“Imagine a Trinidadian carnival full of vibrant colors, costumes, drumbeats, whistles and horns. Imagine the smells, the sweat rolling down your back, the call and response.”
Dancer/choreographer A’Keitha Carey is describing a dance form she created called CaribFunk – a fusion of Afro-Caribbean, classical ballet and modern dance, with fitness elements.
“There is an energy of celebration that needs to happen in this movement and you are feeding that energy to your partner,” she said.
The term “Carib” signifies the dance’s Afro-Caribbean roots. "Funk” signifies the uniquely individual element one brings to this movement. Then there’s the “hip wine,” the circular rotation of the hip, that is central to CaribFunk.
“It’s a torso-hip-knee rotation, a figure-eight movement of the hips,” she explained.
More than 50 Ȧ students attended two of Carey’s CaribFunk dance classes and more than 30 faculty and students attended her lecture to experience “the power of the hip wine.”
Following the hips-on experience, Carey asked the predominantly female audience, “How did it make you feel?” Upon expressing “good” feelings, Carey asked, “Why did it make you feel good?” Comments included “I felt a sense of freedom,” “I felt a sense of release.”
Hip wine is “embodied freedom,” Carey explained. It is freedom of body and movement. The roots of the hip wine is West African (Congolese) dance; however, the movement can be found throughout the African continent and the Latin diaspora (in dance forms such as salsa, merengue and samba).
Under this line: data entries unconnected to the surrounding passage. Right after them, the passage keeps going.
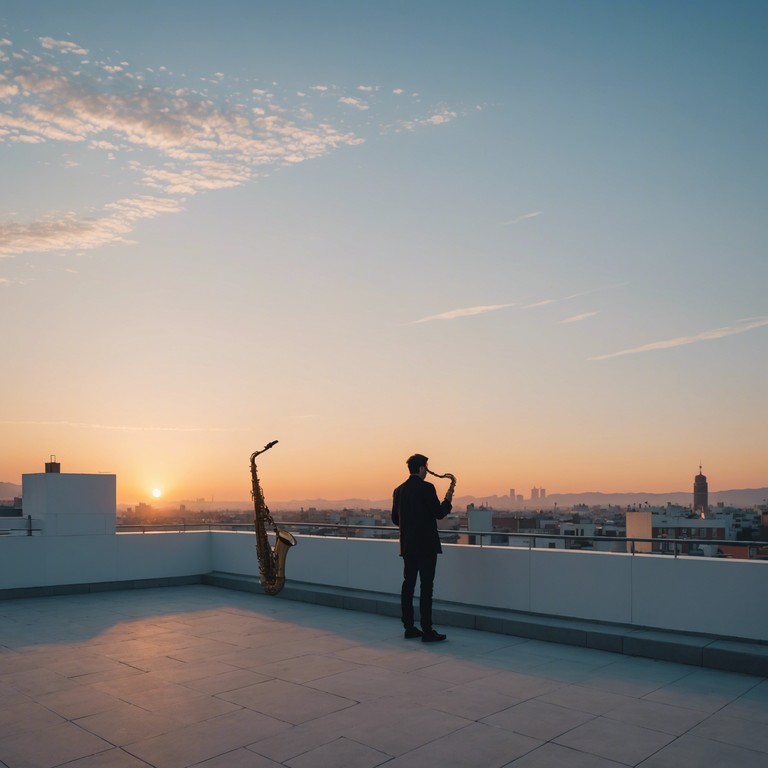 Imagine a scene where the first rays of the sun brighten a lively street festival. The air is filled with the melodic sound of a saxophone playing a soulful tune that resonates with the cheerful crowd, blending modern rhythms with classic soul vibes.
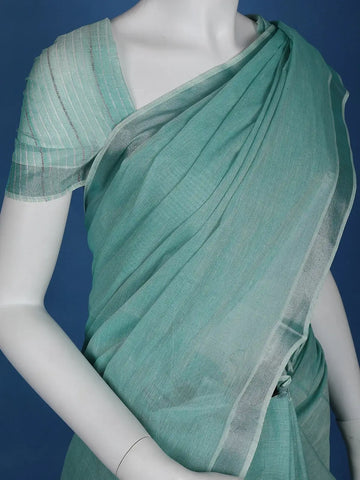Aqua Green With Designed Border Cotton Saree - Diadem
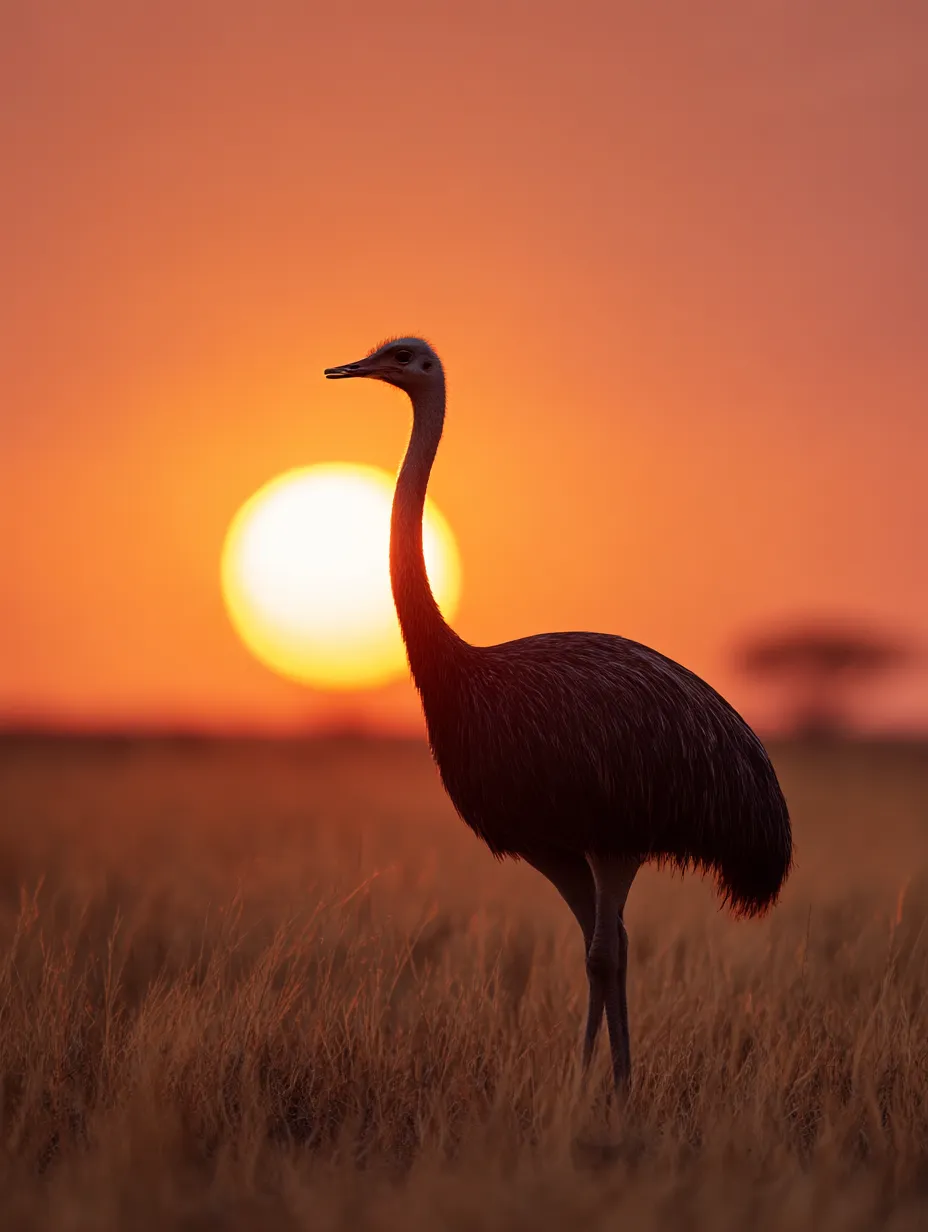 ダチョウの写真：夕焼けに浮かぶダチョウの影｜燃えるような夕日の中に立つダチョウの姿が幻想的で、静寂と自然の雄大さを感じさせるドラマチックな写真です。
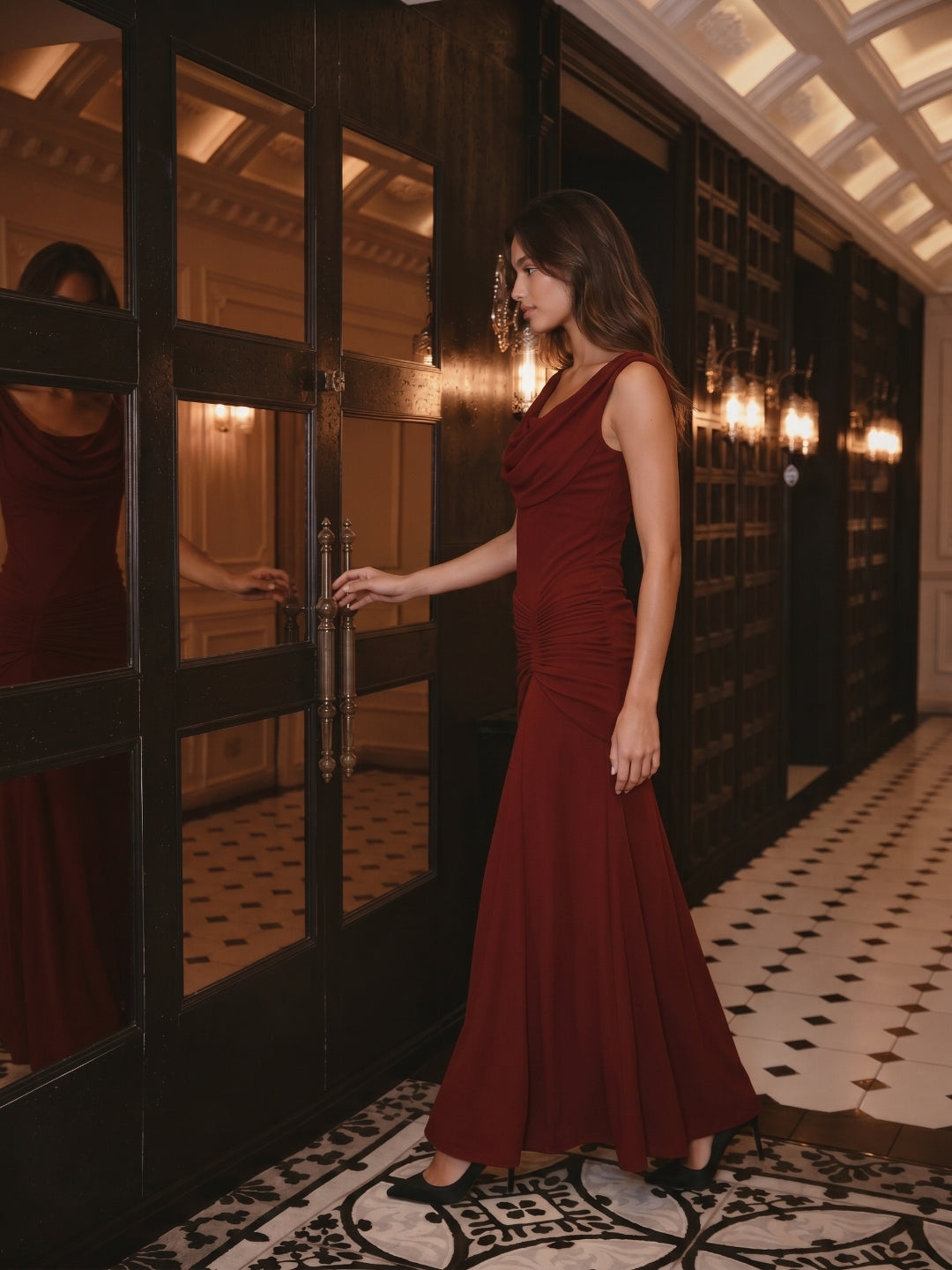 Burgundy Stretch Knit Sheath Scoop Neck Asymmetrical Prom Dress with Back Zip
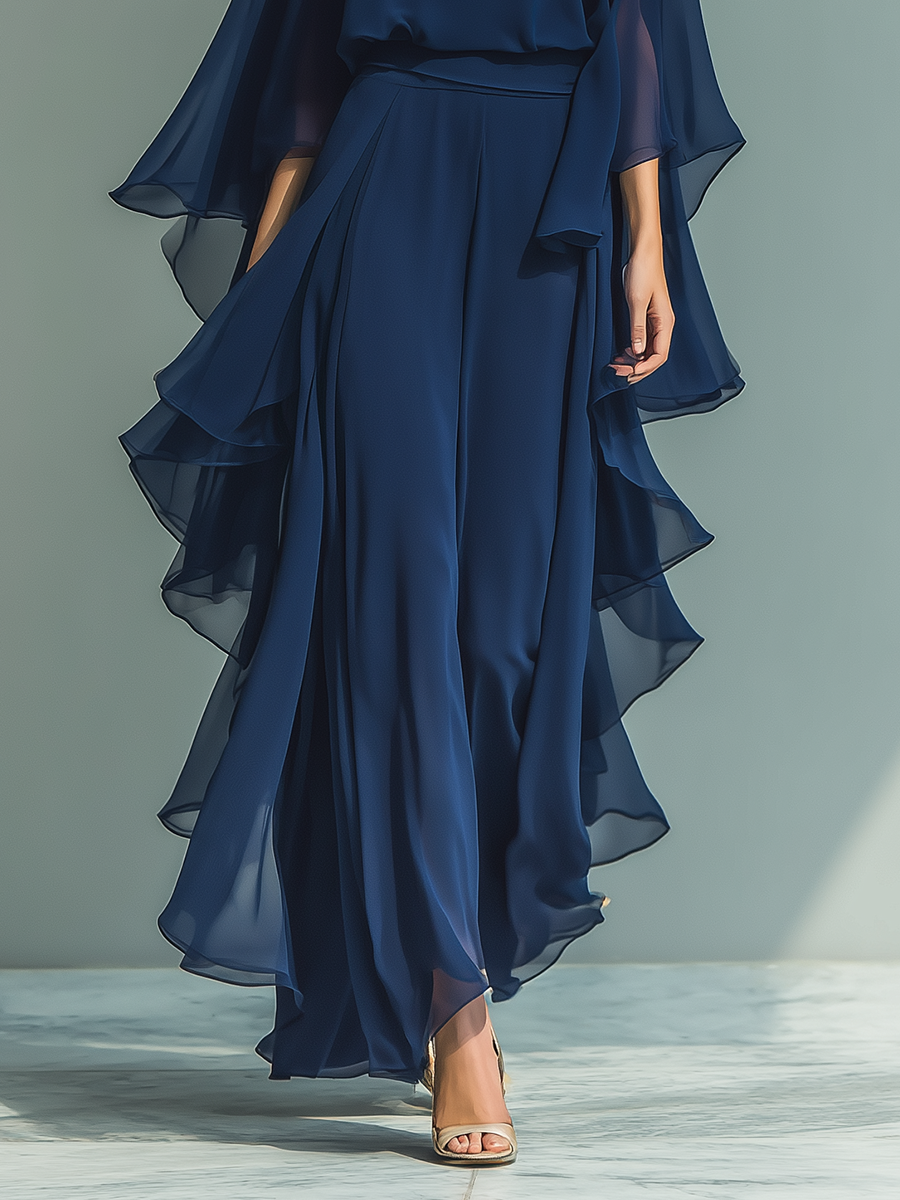 Marina | Conjunto Elegante de Gasa Azul Marino con Volantes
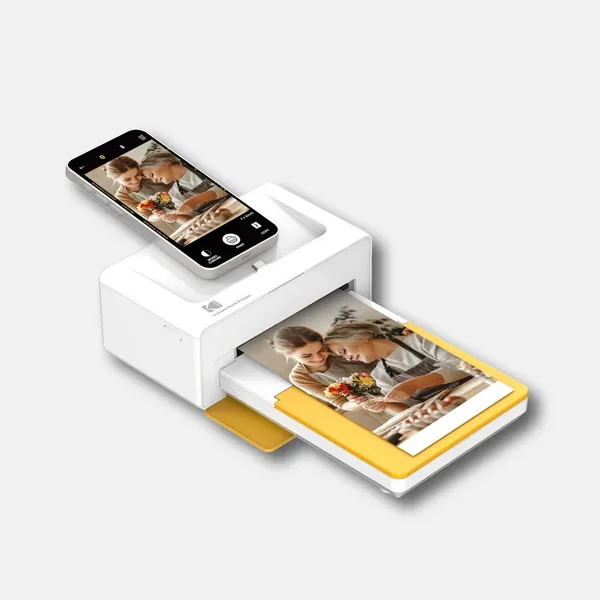 Imprimanta foto Kodak Dock Plus PD460, tehnologie sublimare 4Pass, conectivitate Bluetooth, alb, 10x15cm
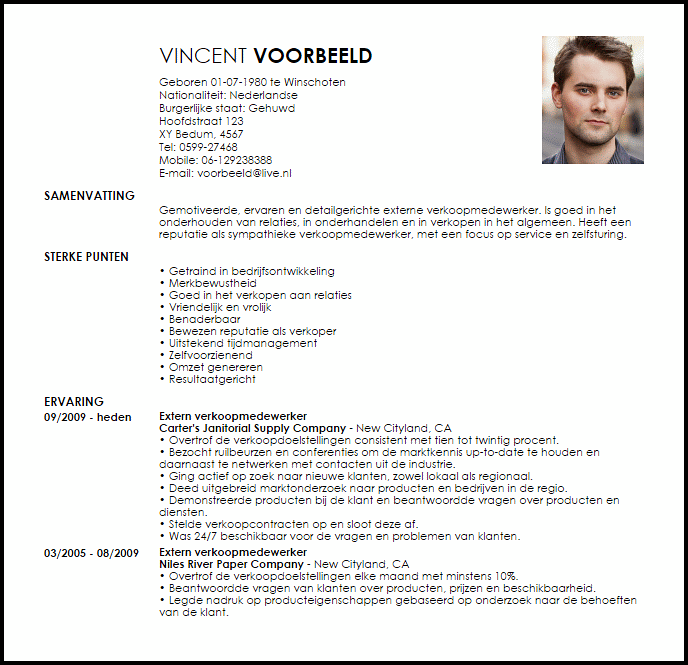 outside sales representative voorbeeld cv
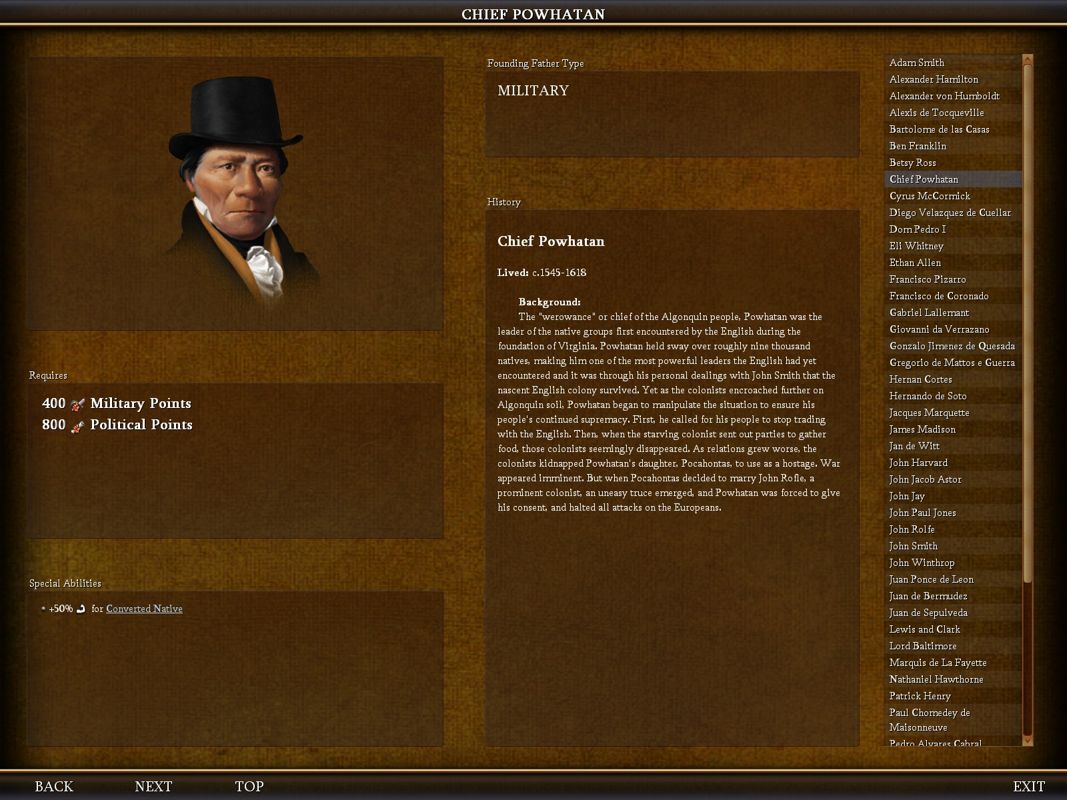 Sid Meier's Civilization IV: Colonization (Windows) screenshot: The Civilopedia-entry about Chief Powhatan.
Though these movements are indigenous to non-Western cultures and have been appropriated and transformed by Western popular culture, as seen in hip hop, the hip wine has often been sexualized by Western society and deemed inappropriate or not respectable, she said.
“When a woman is free in her body, people often become afraid. They want to control her body, perhaps because they are projecting their own sexuality onto her or because they themselves were controlled or shamed in the same way.”
“I am looking at how women, particularly women of color, can find identity through freedom of the body without being policed or shamed,” she said. The hip wine is both “embodied freedom” and “embodied protest.”
Carey argues that there is a need for higher education to incorporate a broader perspective of society, class, race, culture and identity in the dance curriculum. “I’d like to see a curriculum that addresses the needs of students who are bringing diverse, multiracial, multicultural and transnational experiences into the classroom. That is my mission,” she said.